Part 2 Extending AMD FidelityFX Brixelizer GI

Originally posted: July 17, 2024

Last updated: July 22, 2024

Petter Blomkvist

Part 2: Extending AMD FidelityFX Brixelizer GI

To improve the quality of foliage in Brixelizer GI, we must modify the algorithm to support alpha-clipped geometry. In essence, we want to alter the Brixelizer GI probe trace to sample the alpha of each surface hit point. This alpha value is then used to determine if the surface is transparent. If deemed transparent, we can perform an additional trace using the surface hit point as the ray origin. This process can be repeated until we encounter an opaque surface containing the final radiance.

Alpha cache

As mentioned in Part 1, Brixelizer does not provide an API for sampling the material parameters of a surface intersection. Therefore, we will need to implement another secondary cache to store the alpha value of geometry. This cache functions in a sparse nature similar to that of the Radiance Cache. At each Brick ID, we allocate a 4x4x4 grid of values that will provide higher detail transparency of the Brick surface.

Alpha buffer

As with the Radiance Cache, we also need a way to fill in the new Alpha Cache. The naive solution here is to render an additional Alpha GBuffer that exports the alpha property of each surface. Then, we can use screen-space voxelization like we do the Radiance Cache to emit this buffer into the scene. Unfortunately, this solution will not be adequate since the geometry of alpha-tested cards often obscures other cards — as is the case for the grass. The below image demonstrates this; the two obscured cards will not have the majority of their alpha values exported.

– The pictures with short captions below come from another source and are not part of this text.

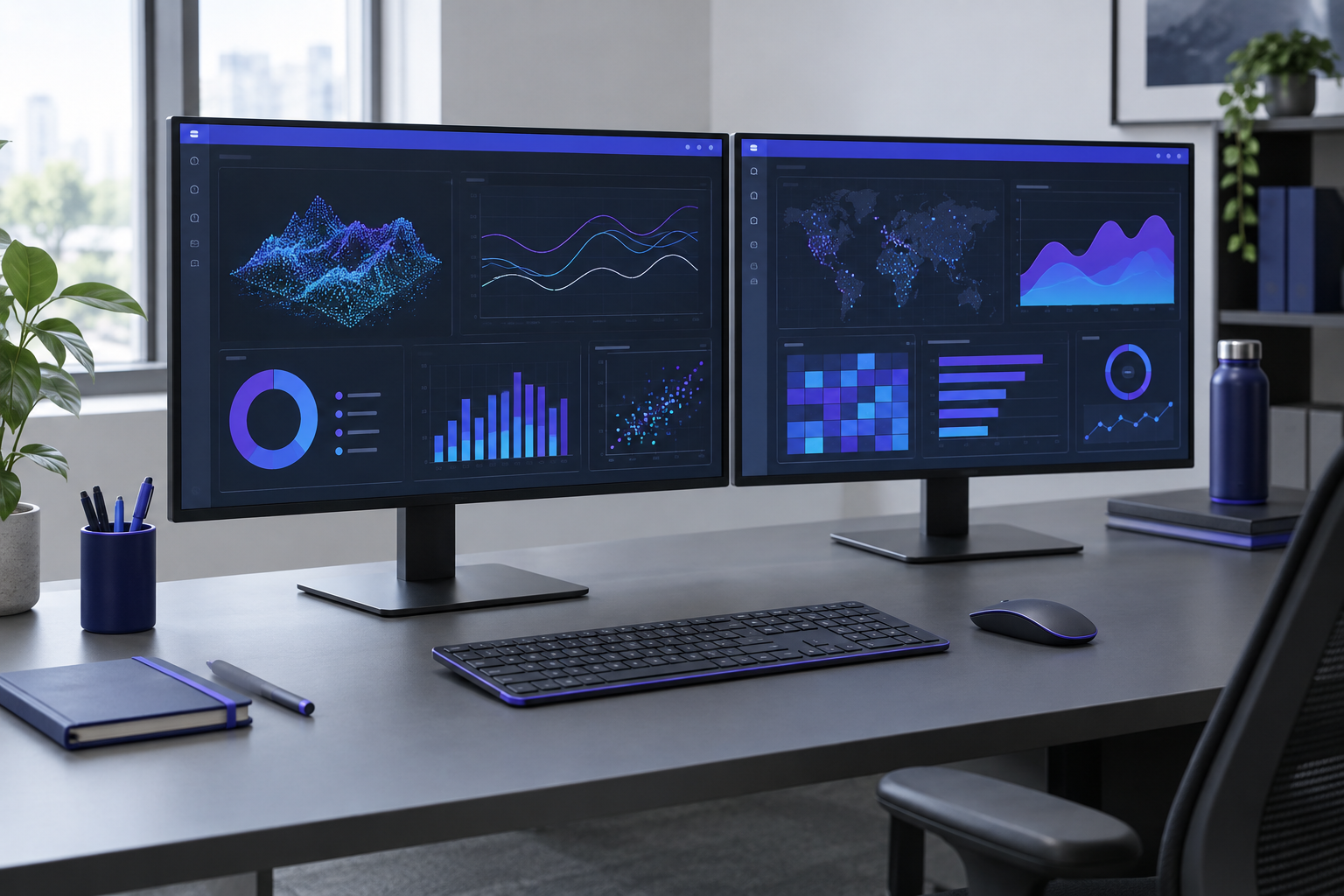 Modern desktop workspace with digital analytics screens monitoring generative search trends.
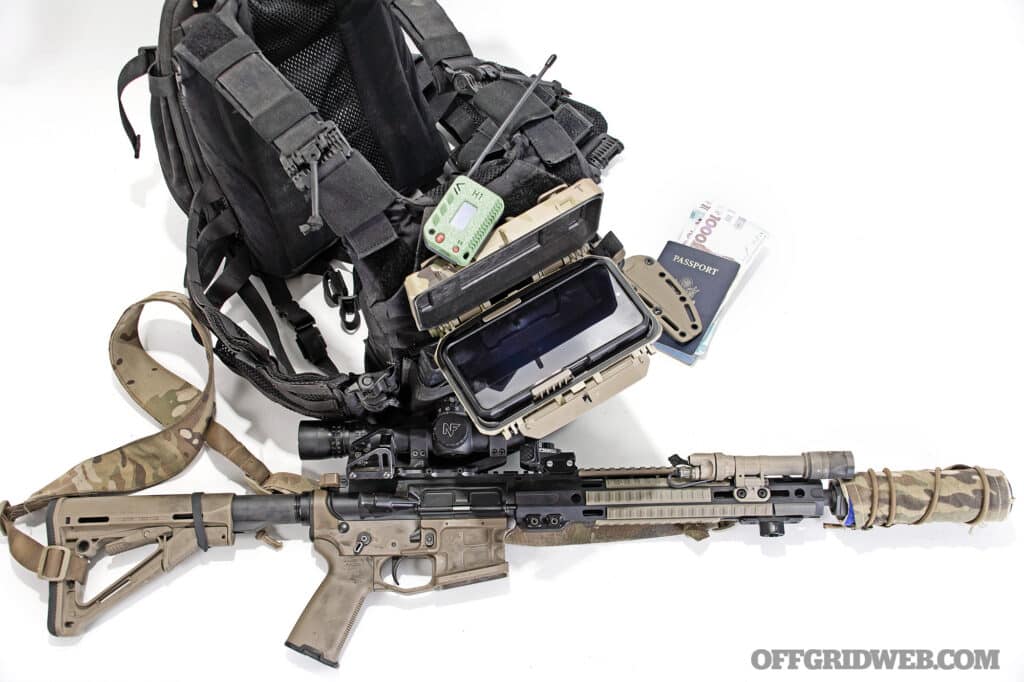 military gear with open secure comms case 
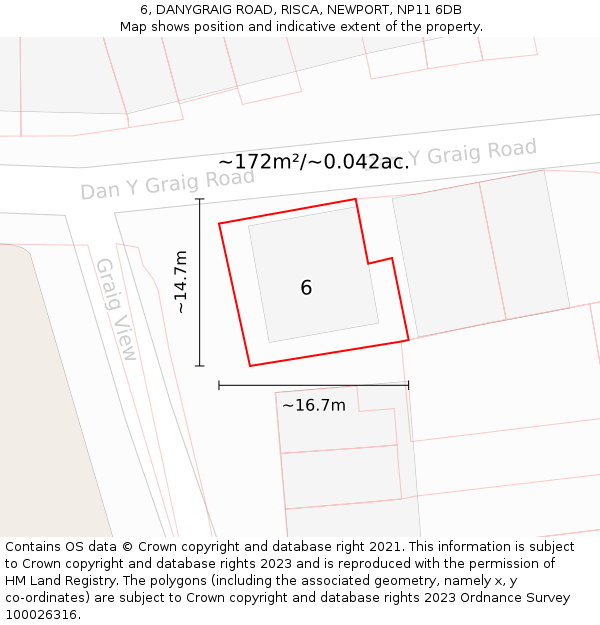6, DANYGRAIG ROAD, RISCA, NEWPORT, NP11 6DB: Plot and title map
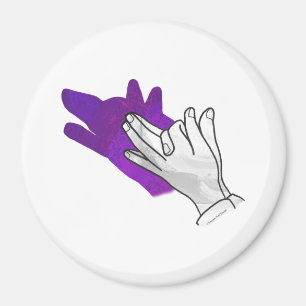 Hand Silhouette Varg Lila Magnet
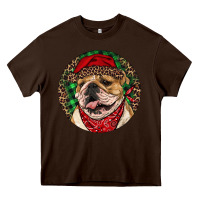 Chocolate Brown Christmas English Bulldog Heavy Core Tee - RanaPortraitStore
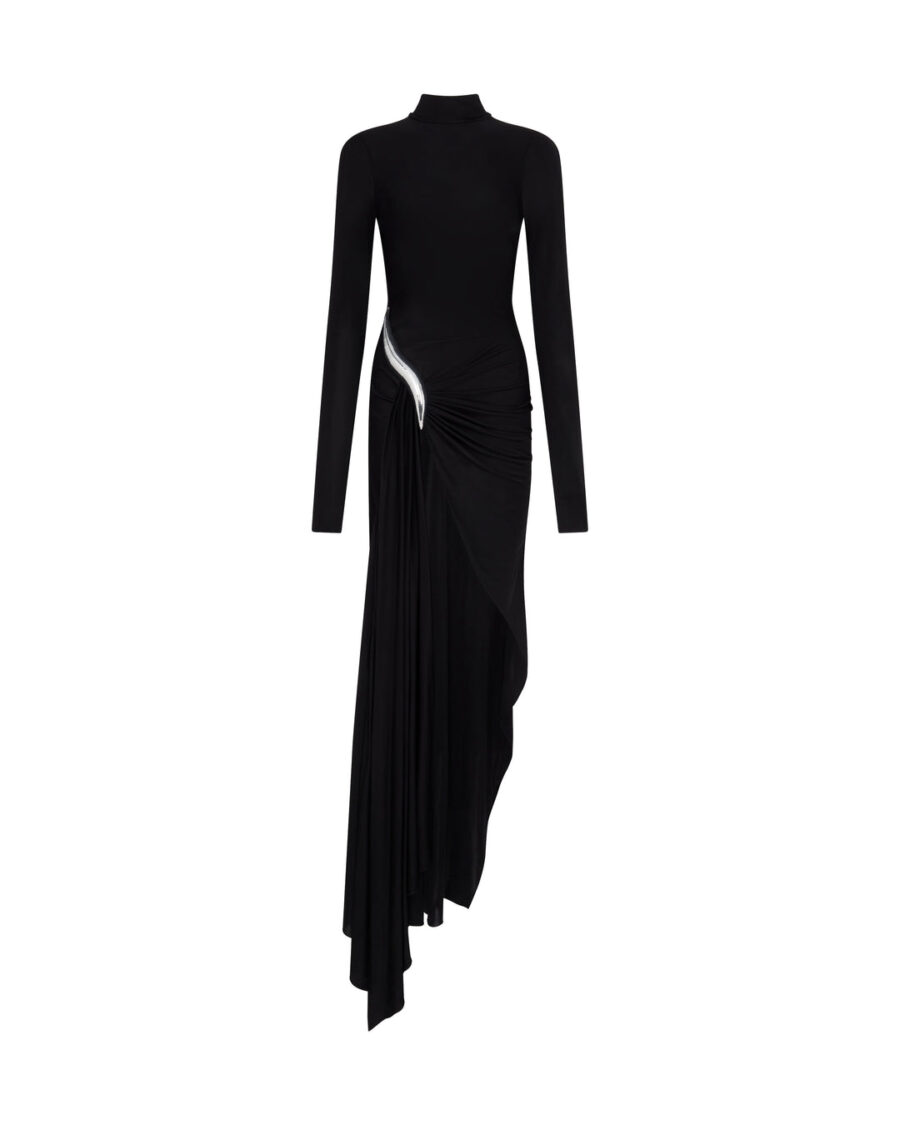 METALLIC CURVE DETAIL JERSEY GOWN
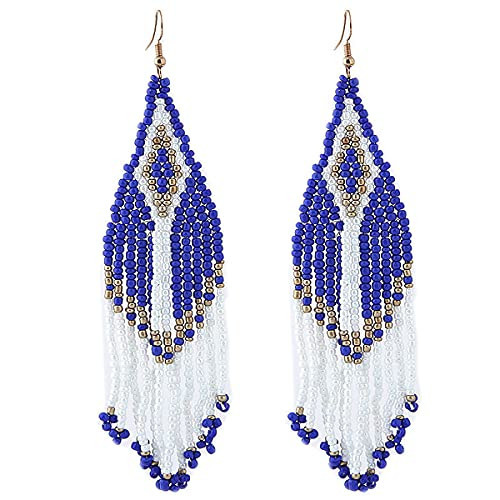 Bohemian Long Rice Beaded Tassel Earrings,Boho Native Handmade Woven Seed Bead Drop Dangle Earrings Statement Jewelry for Women Summer Holiday (Blue) | Amazon (US)
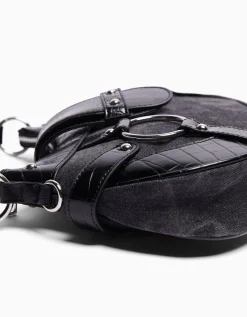 BERSHKA Bolso denim asa grabado estampado animal Negro Online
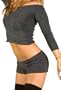 Charcoal Medium Sexy Ballet Neck Top & Low Rise Stretch Knit Shorts by KD dance, Made In USA, Makers of the Finest Knit Dancewear In The World, Sexy, Fashionable & Durable Made In New York City USA
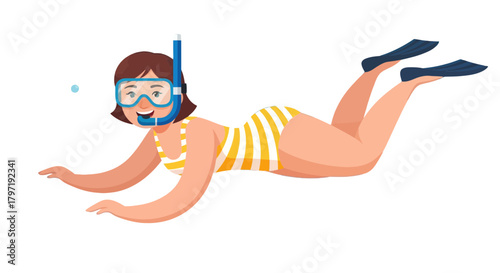 Joyful Swimmer Explores Underwater World with Snorkel, Fins, and Bubbles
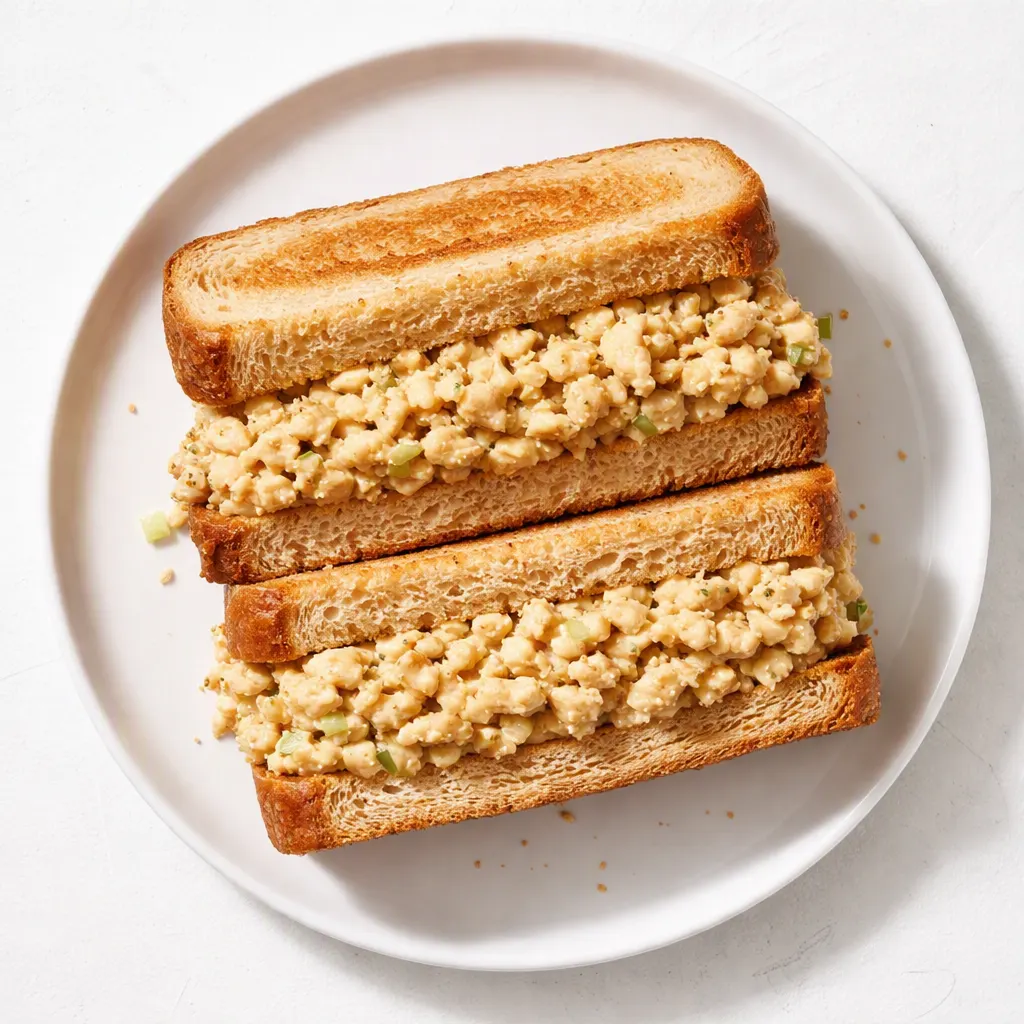 Chickpea salad sandwich filling spread on crusty bread, creamy mashed chickpeas with herbs and colorful veggies.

Three grass cards overlap each other, causing the alpha of the overlapped cards to not be calculated

A couple of solutions exist to remedy this; one way would be to hook up the Alpha Cache directly to the Alpha Buffer pass and use unrestricted memory accesses to store the alpha of each surface. This solution would require a relatively significant change in the Brixelizer GI API; as such, we instead opt for something simpler. To capture surfaces at each depth level, we inject a geometry shader into the Alpha Buffer pass, which randomizes the Z-value of each triangle primitive. Due to us performing screen-space voxelization each frame, these randomized Alpha Buffers have proved adequate for filling alpha at a high enough speed.

Each frame, we randomize Z-values resulting in all alpha being captured over time

For the same reasons as the Radiance Cache, we also need a way to reproduce the world-space coordinates of the Alpha Buffer fragments. One way to do this is to repeat what we do in the Radiance Cache and reconstruct coordinates from the depth buffer and perspective-view matrix. Since our Alpha Buffer depth will consist of randomized values, we must write the original depth to a different output channel.

Another way of reconstructing world-space coordinates is to write the coordinates of each fragment directly to three different channels of the Alpha Buffer. This solution will make reconstruction as simple as reading the coordinates of each fragment.

Additionally, writing world-space coordinates directly to the Alpha Buffer means that Brixelizer GI does not need to know how the fragments were projected. This makes it trivial to use different perspective-view transforms than those used in the other GBuffer passes. Leveraging this simplicity allows us to easily capture out-of-view alpha information, such as leaves located above the camera that need to let light through from the sky. To do this, we render a random axis-oriented direction from the camera every other frame. We render random directions only for every other frame because we want a higher-frequency Alpha Cache in the view space. The process of rendering out-of-view directions is demonstrated in the below image, where the screen-space frustum will be rendered on the first, third, and fifth frames, while the other out-of-view frustums will be rendered on even frames.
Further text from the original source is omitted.